Reproduce exactly, and only, the lines below from the one containing "Nabbas Plafoniera LED Nero, 1-Luce" through the one containing "Les saveurs des fleurs – 22 février 2020".

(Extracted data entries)
■ ■ ■ ■
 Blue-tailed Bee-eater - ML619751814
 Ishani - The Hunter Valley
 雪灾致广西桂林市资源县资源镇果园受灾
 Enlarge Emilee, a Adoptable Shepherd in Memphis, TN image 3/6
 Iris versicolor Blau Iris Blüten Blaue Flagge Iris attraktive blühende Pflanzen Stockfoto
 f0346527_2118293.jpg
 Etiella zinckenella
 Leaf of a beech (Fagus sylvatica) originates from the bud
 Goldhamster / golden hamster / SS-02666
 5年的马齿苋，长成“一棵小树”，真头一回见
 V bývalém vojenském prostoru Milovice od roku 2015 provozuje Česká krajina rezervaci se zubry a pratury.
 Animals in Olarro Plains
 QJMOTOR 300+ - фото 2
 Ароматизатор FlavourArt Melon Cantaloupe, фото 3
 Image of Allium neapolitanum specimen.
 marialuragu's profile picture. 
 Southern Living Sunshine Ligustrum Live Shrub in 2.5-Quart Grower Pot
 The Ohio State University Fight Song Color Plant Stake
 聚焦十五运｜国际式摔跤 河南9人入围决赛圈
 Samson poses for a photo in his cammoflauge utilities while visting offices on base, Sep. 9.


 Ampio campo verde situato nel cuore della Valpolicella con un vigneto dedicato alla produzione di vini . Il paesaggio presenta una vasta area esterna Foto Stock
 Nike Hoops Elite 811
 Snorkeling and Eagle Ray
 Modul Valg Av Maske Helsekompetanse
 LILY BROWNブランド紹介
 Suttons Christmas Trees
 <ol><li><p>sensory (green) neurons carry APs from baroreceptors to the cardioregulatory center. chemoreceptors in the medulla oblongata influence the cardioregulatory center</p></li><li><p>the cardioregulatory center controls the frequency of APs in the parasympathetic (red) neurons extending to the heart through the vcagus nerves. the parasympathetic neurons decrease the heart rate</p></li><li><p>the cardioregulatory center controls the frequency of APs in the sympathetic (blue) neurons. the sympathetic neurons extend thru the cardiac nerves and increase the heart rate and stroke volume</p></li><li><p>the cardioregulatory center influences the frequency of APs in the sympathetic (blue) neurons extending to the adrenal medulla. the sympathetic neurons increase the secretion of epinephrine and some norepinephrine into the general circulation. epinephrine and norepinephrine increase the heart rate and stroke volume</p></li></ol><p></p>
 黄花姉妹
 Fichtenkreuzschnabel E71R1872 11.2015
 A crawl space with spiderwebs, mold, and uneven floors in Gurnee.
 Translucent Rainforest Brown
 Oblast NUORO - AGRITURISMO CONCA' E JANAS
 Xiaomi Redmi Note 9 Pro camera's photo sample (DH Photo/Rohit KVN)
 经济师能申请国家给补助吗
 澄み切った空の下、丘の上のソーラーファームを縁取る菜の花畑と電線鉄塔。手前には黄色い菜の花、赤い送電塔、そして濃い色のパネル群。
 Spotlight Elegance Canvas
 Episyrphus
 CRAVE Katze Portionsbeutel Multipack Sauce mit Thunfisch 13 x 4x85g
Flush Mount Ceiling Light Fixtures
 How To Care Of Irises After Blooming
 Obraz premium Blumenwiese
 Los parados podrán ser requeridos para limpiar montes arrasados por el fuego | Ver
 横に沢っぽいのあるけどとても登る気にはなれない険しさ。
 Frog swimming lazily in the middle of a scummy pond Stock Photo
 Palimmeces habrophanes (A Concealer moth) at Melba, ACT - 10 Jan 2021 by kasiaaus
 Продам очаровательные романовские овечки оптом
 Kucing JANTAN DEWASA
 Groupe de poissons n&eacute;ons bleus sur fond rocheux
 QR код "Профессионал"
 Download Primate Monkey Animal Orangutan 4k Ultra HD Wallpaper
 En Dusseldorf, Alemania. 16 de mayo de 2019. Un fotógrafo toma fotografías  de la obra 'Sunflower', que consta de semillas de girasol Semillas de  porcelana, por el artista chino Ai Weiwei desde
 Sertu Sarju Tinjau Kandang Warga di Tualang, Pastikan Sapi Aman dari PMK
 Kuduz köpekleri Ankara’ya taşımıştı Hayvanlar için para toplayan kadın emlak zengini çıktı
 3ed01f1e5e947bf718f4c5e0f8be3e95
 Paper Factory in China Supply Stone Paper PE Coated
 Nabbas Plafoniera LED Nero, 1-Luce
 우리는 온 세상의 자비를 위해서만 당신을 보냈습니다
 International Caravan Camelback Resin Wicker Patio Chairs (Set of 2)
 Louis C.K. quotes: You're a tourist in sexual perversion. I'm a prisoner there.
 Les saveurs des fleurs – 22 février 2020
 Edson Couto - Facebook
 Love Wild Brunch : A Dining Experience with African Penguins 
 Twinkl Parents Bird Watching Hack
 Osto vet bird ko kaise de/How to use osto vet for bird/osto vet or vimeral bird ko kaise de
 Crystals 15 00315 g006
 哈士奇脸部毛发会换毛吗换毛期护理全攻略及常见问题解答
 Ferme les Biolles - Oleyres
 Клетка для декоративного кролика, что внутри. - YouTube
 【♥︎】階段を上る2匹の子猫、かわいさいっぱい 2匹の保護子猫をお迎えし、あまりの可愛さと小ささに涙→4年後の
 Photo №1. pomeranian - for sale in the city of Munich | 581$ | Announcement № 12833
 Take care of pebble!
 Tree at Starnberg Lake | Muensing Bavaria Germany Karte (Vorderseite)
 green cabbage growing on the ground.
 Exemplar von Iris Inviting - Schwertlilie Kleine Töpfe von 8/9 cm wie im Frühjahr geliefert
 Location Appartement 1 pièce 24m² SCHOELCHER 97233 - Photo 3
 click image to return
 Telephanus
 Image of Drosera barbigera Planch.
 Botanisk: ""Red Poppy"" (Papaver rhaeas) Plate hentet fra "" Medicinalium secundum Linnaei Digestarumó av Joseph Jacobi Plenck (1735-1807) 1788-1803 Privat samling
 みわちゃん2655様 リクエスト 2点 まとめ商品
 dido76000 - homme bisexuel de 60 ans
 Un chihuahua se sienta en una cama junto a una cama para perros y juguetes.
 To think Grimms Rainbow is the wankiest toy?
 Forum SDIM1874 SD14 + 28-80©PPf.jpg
■ ■ ■ ■
-- Answer to this problem --
 Nabbas Plafoniera LED Nero, 1-Luce
 우리는 온 세상의 자비를 위해서만 당신을 보냈습니다
 International Caravan Camelback Resin Wicker Patio Chairs (Set of 2)
 Louis C.K. quotes: You're a tourist in sexual perversion. I'm a prisoner there.
 Les saveurs des fleurs – 22 février 2020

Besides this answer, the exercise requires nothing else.